======== EXTRACTED INFORMATION ========

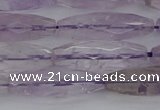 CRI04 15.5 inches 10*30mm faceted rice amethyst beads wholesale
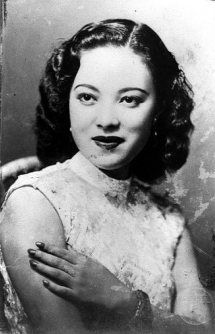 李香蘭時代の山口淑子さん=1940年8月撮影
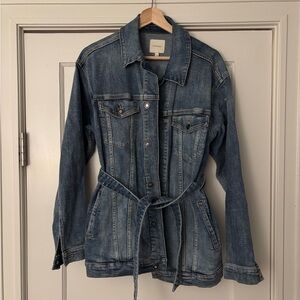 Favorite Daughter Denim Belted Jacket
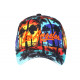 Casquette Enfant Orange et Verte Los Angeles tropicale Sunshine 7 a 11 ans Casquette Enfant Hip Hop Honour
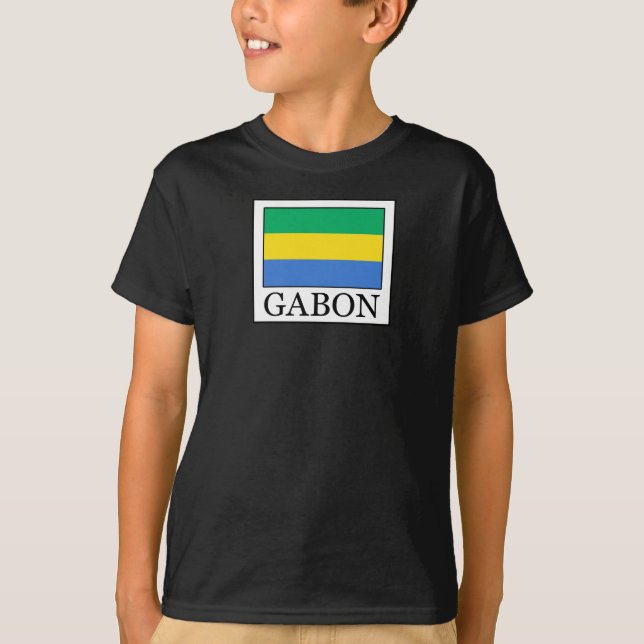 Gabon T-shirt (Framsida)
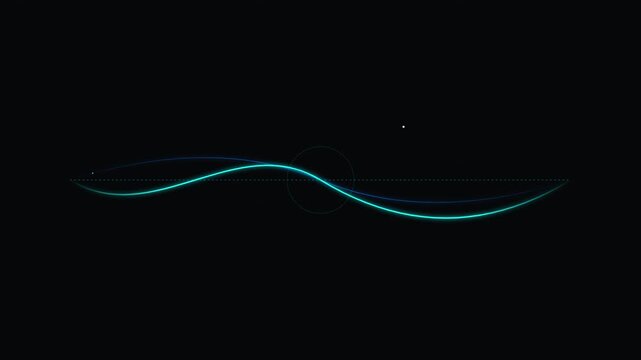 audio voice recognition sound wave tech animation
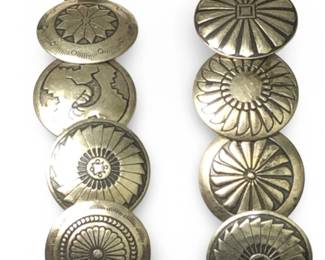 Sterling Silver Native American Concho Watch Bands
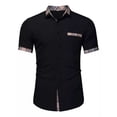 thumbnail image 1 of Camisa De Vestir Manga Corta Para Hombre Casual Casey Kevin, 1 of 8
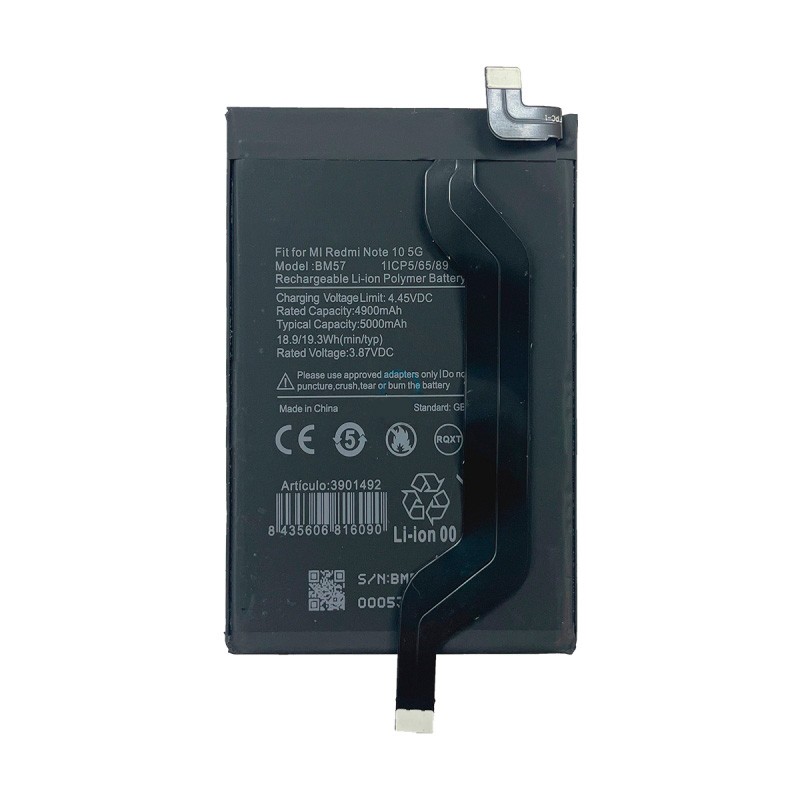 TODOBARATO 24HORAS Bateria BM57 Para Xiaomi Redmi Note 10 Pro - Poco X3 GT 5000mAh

========
======== EXTRACTED INFORMATION ========

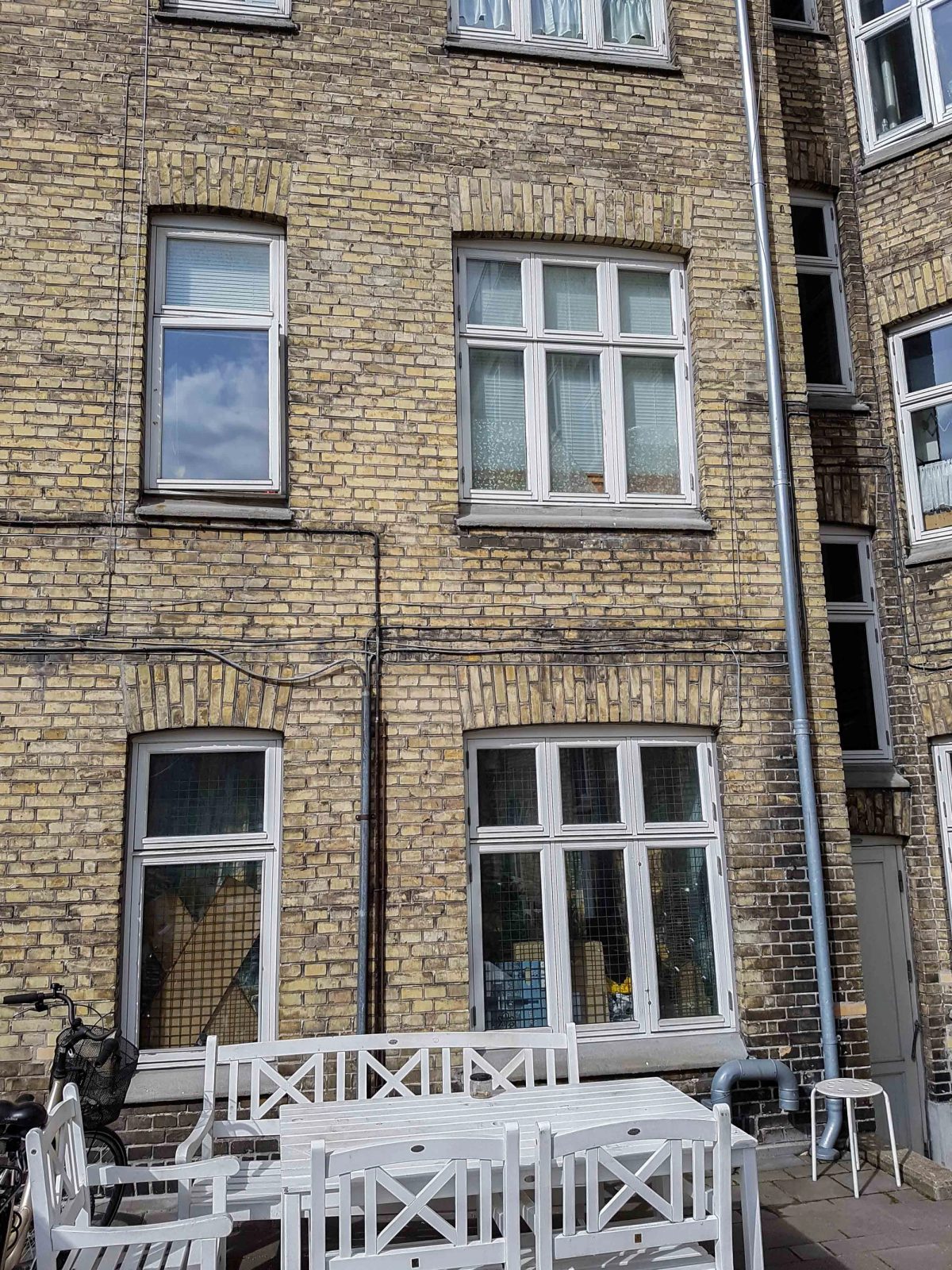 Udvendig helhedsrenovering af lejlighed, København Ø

========
======== EXTRACTED INFORMATION ========

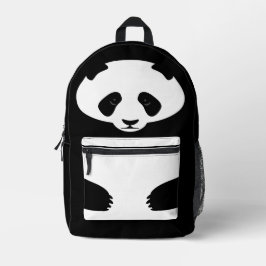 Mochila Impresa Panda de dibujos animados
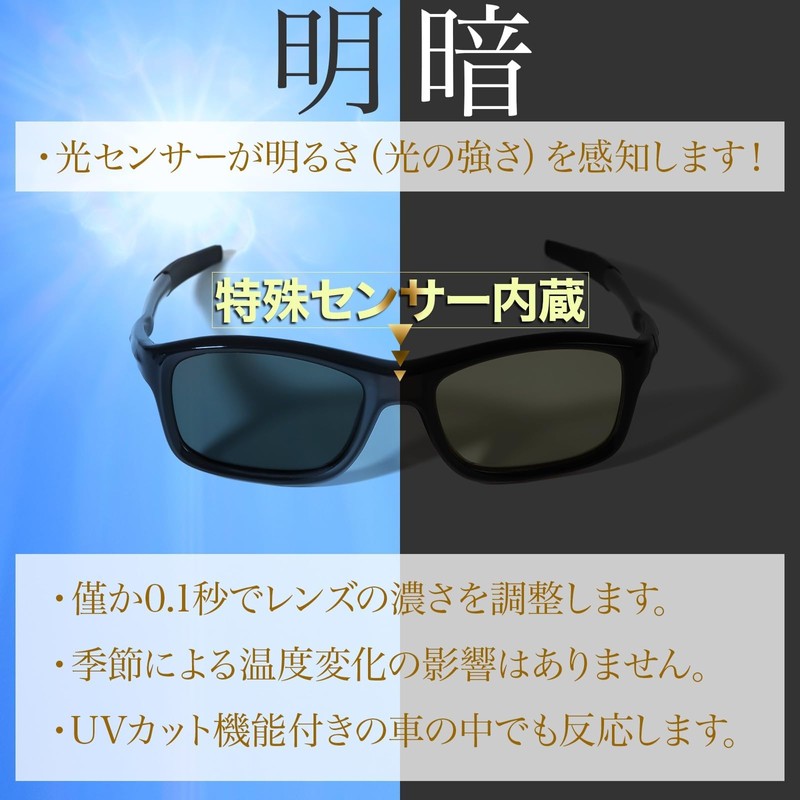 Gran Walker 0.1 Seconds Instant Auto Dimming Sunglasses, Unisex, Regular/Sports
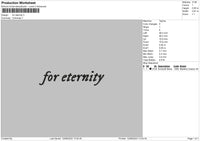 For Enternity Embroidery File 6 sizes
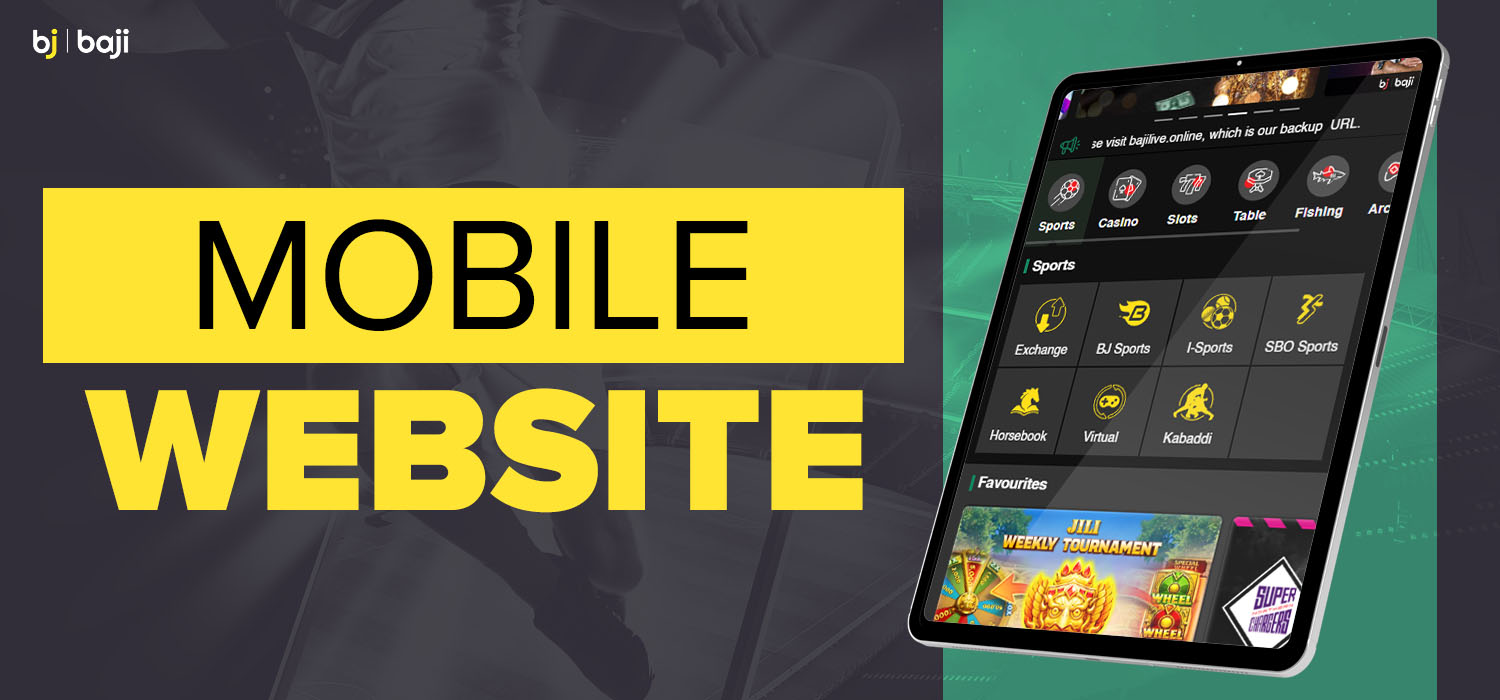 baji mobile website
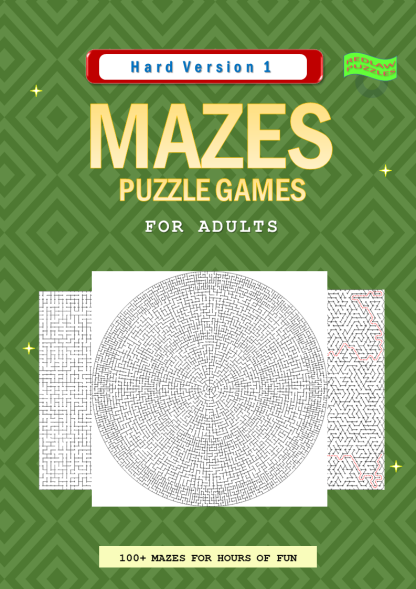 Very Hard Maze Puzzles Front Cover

========

■ TASK DETAILS ■
Skip every picture, and restate word for word only the lines above from the line containing "李香蘭時代の山口淑子さん=1940年8月撮影" to the line containing "TODOBARATO 24HORAS Bateria", both of them included.

■ SOLUTION FOR THIS EXERCISE ■
 李香蘭時代の山口淑子さん=1940年8月撮影
 Favorite Daughter Denim Belted Jacket
 Casquette Enfant Orange et Verte Los Angeles tropicale Sunshine 7 a 11 ans Casquette Enfant Hip Hop Honour
 Gabon T-shirt (Framsida)
 audio voice recognition sound wave tech animation
 Sterling Silver Native American Concho Watch Bands
 thumbnail image 1 of Camisa De Vestir Manga Corta Para Hombre Casual Casey Kevin, 1 of 8
 TODOBARATO 24HORAS Bateria BM57 Para Xiaomi Redmi Note 10 Pro - Poco X3 GT 5000mAh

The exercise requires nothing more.